Nella conferenza sulla scuola avviata da Althoff nel 1900 "fondamentalmente allo scopo di aprite l'università ai maturandi dell'istituto tecnico" ("era necessario - commenta Wilamowitz - ma a condizione che la preparazione scolastica su base matematico-scientifica fornisse quella generale preparazione culturale che il liceo classico dava da sempre") furono il classicista Wilamowitz e il teologo Harnack a salvate il greco. "Senza il greco - scrive Wilamowitz - si sacrifica la 'Bildung' tedesca, a cui non solo noi Tedeschi dobbiamo lo slancio spirituale del XIX secolo". Ma una nota di Wilamowitz a corredo di questa proposizione fa capire che il "laboratorio borghese" non si riannodava più alla sua peraltro incerta matrice humboldtiana.

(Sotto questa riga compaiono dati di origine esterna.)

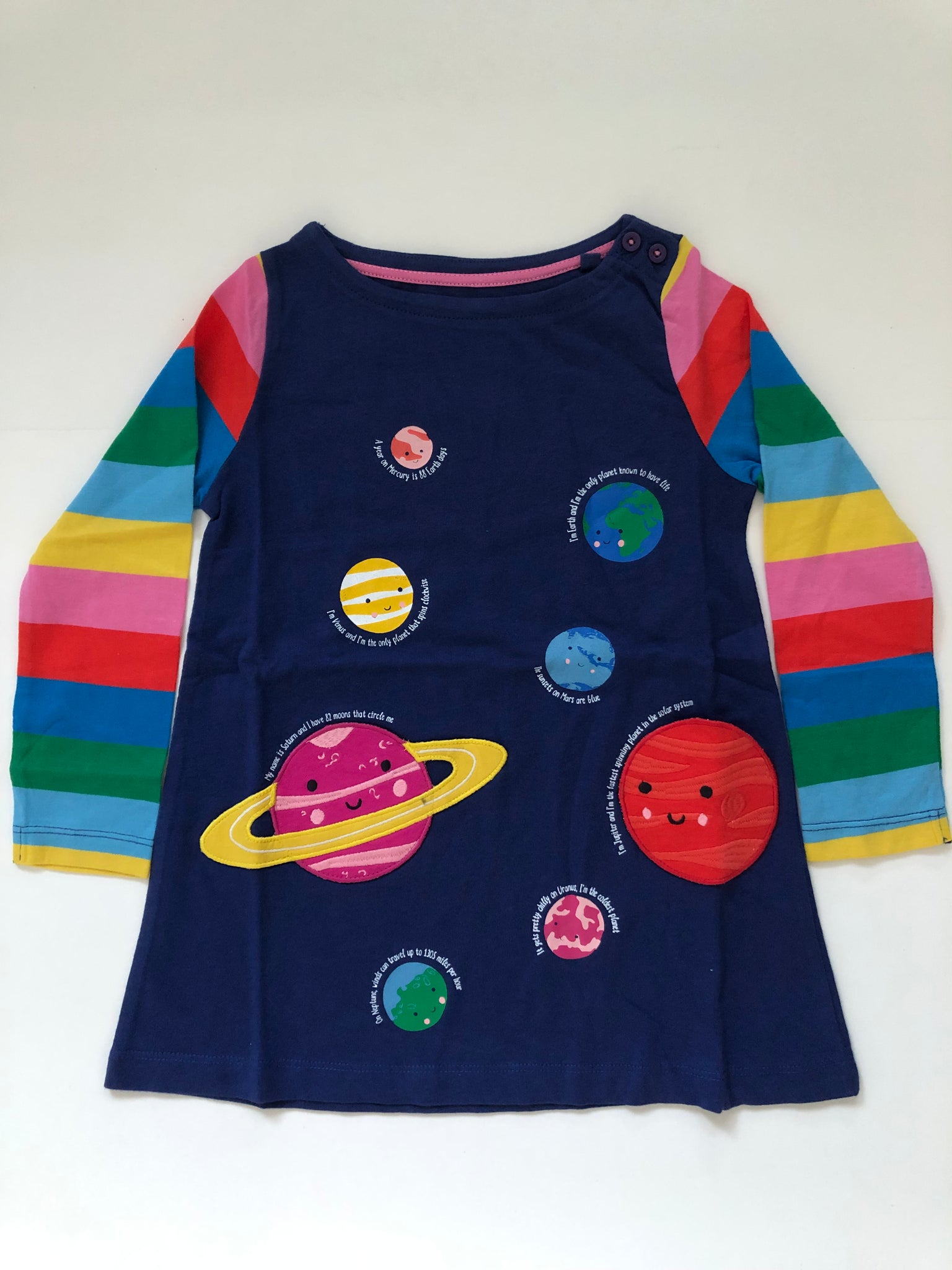 mini boden space dress Mini Boden Girl's Space Star Appliqu Dress In Blue (Defect)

Chissà, perché ciò potesse avvenire non avrebbe dovuto essere più solo borghese: "contrarie al greco erano quelle persone delle classi superiori fornite di una cultura superficiale che a scuola non avevano imparato niente e nella loro ignoranza si credevano superiori agli altri, altezzosi, cinici e persino bigotti. Oltre a loro c'erano quei sazi borghesi che riconoscono solo il guadagno e l'adorazione del dio Ventre. Quelli del proletariato, affamati di cultura, che in verità sono sprecati per la socialdemocrazia, ragionavano in modo diverso. Un mio amico, il rettore Finsler di Berna, trovò nei socialdemocratici un appoggio a favore del greco, contro il radicalismo borghese, e quando a Olten tenni una conferenza su Socrate, l'organo ufficiale della socialdemocrazia espresse il suo rincrescimento che si sapesse così poco dei Greci".